At the time he attested with the Gordon Highlanders on 11 February, 1887 Hobson was already serving with the 3rd Volunteer Battalion
of the Middlesex Regiment and he had also be previously rejected for regular military service for
“under chest measurement”. His
attestation also states that he was employed as a plumber and that he had been born in Aberdeen, Scotland a fact that differs from that
of the above mentioned census.

Hobson’s Statement of Service outlines the following:

Private: 11 February, 1887 – 10 February, 1889
Good Conduct Pay: 11 February, 1889 (now serving with the 1st Battalion)
Appointed Lance Corporal: 15 April, 1889
Appointed Paid Lance Corporal: 1 June, 1890
Promoted Corporal: 15 April, 1891
Entitled to 2 Good Conduct Badges: 11 February, 1893
Promoted Sergeant: 19 December, 1893 (post-dated to 16 January, 1893)
Extended service to 12 years: 16 October, 1894
Extended service to 21 years: 1 August, 1896
To 2nd Battalion, Gordon Highlanders: 29 March, 1898
To 3rd Battalion, Gordon Highlanders: 26 December, 1898
Promoted Colour Sergeant: 16 June, 1900
To 6th Volunteer Battalion, Gordon Highlanders: 10 April, 1902
Prolonged service beyond 21 years: 11 July, 1907
Discharged having claimed 3 months notice: 10 September, 1908

Colour Sergeant Hobson’s postings included:

Home: 11 Frebruary, 1887 – 5 December, 1888
Ceylon: 6 December, 1888 – 16 January, 1892
India: 17 January, 1892 – 29 March, 1898
Home: 30 March, 1898 – 10 September, 1908

Hobson saw all of his active service on India’s Northwest Frontier. Seeing action at the Relief of Chitral and with the Tirah
Expeditionary  Force. He was entitled to the 1895 India General Service Medal with the clasps “
Relief of Chitral”, “Punjab 1897-98” and
Tirah 1897-98”. Colour Sergeant Hobson was presented with his Long Service & Good Conduct Medal in 1907 along with a £5 gratuity.

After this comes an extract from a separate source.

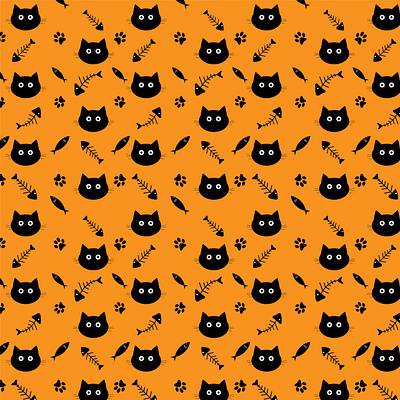 black cat pattern cat cat pattern fish fishbone seamless cat pattern seamless pattern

Wilfred Henry Hobson married Miss Mary Josephine Rolston on 29 October, 1900 and at the time of his discharge the couple had two
sons: Wilfred Francis (b. 19 October, 1901) and Harold Arthur (b. 15 August, 1905).

As required with the award of the Long Service & Good Conduct Medal Hobson’s career conduct was listed as “exemplary” along with
the note:
“No incidence of drunkenness during whole service of 21 years, 213 days.”. He took his discharge at Perth, Scotland with his
intended place of residence being London, England. Bank Messenger was mentioned as a special qualification for employment in civil life.

The 2 September, 1910 edition of The London Gazette lists Hobson has having been appointed without competition to the position of
Messenger for the India Office. Hobson remained a messenger with the India Office for the rest of his life and died on 18 June, 1932 at
Peterborough. He left his son Wilfred Francis and estate worth some £1959 - a not inconsiderable sum in 1932.